Miracle Weight Loss

I tried a miracle weight loss cream once which claimed that by application to the thorax, one could reduce one's weight until one looked like a popular movie star. They didn't specify which movie star, but I figured they couldn't mean anyone but the greatest actor of our age, perhaps of any age, Morvan Cringlefanx. Anyway, I liked the odds.

The first application went smoothly enough, although I did have some trouble figuring out whether to put any inside my belly button.  I have a very deep belly button, or so teams of spelunkers have told me. They lost a few good men down there, mostly to lint, but apparently there's also a side passage which fills with water when the tide is in. I let them hold memorial services every year at the appropriate time. Least I can do.

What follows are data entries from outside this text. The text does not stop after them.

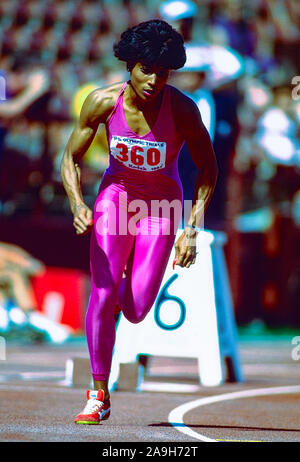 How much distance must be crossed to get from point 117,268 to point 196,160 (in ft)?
2.54

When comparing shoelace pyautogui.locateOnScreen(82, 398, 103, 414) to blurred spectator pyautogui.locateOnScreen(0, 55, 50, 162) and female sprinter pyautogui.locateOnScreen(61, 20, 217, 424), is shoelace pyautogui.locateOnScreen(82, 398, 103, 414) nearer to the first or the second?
female sprinter pyautogui.locateOnScreen(61, 20, 217, 424)

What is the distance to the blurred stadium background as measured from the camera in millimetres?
22828

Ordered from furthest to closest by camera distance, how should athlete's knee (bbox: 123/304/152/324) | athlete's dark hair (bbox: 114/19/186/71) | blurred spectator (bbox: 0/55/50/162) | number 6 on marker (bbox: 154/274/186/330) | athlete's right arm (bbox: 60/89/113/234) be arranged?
1. blurred spectator (bbox: 0/55/50/162)
2. number 6 on marker (bbox: 154/274/186/330)
3. athlete's knee (bbox: 123/304/152/324)
4. athlete's right arm (bbox: 60/89/113/234)
5. athlete's dark hair (bbox: 114/19/186/71)

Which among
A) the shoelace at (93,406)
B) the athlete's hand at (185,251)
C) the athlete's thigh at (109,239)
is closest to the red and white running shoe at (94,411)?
the shoelace at (93,406)

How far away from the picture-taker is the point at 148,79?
18.8 ft

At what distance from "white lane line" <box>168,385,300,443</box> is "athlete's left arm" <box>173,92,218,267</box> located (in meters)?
0.96

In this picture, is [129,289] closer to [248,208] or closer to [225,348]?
[225,348]

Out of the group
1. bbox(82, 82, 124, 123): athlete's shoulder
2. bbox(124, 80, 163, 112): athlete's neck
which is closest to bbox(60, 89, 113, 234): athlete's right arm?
bbox(82, 82, 124, 123): athlete's shoulder

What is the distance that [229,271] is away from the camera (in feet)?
86.0

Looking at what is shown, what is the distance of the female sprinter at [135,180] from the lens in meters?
5.80

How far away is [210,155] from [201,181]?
0.16 metres

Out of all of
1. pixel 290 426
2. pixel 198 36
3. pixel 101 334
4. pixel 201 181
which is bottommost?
pixel 290 426

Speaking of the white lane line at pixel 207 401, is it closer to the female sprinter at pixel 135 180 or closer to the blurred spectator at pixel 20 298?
the female sprinter at pixel 135 180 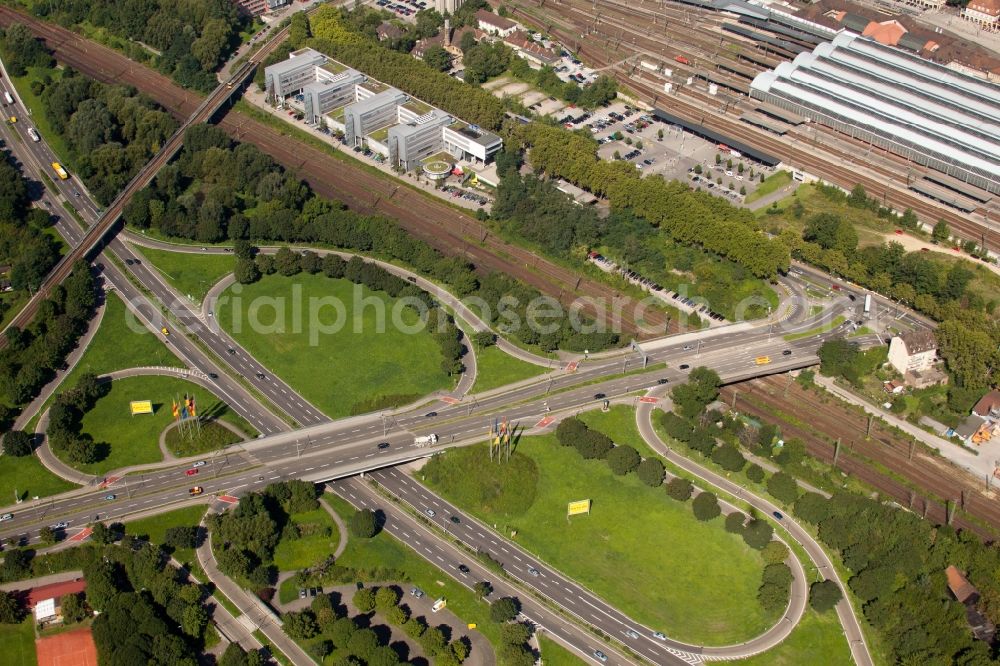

But I decided that if it didn't work without putting it in my belly button, I didn't want it to work at all, so I slathered it all over my thorax and ate a hearty meal, as pictured on the box. I slept and dreamed of Morvan Cringlefanx in Destruction on Peak 20, which isn't some of his best work but really showcases his abs.

It turns out that this was a weight loss cream for insects. The "thorax" really should have given it away for me, but I was desperate for a fix, as my meals are perhaps more hearty than is strictly necessary. But my exoskeleton has never looked shinier, so while Morvan Cringlefanx might still be out of my league, I am dating a very attractive wasp. I say "dating," but really she just stings me. A lot. Please send help.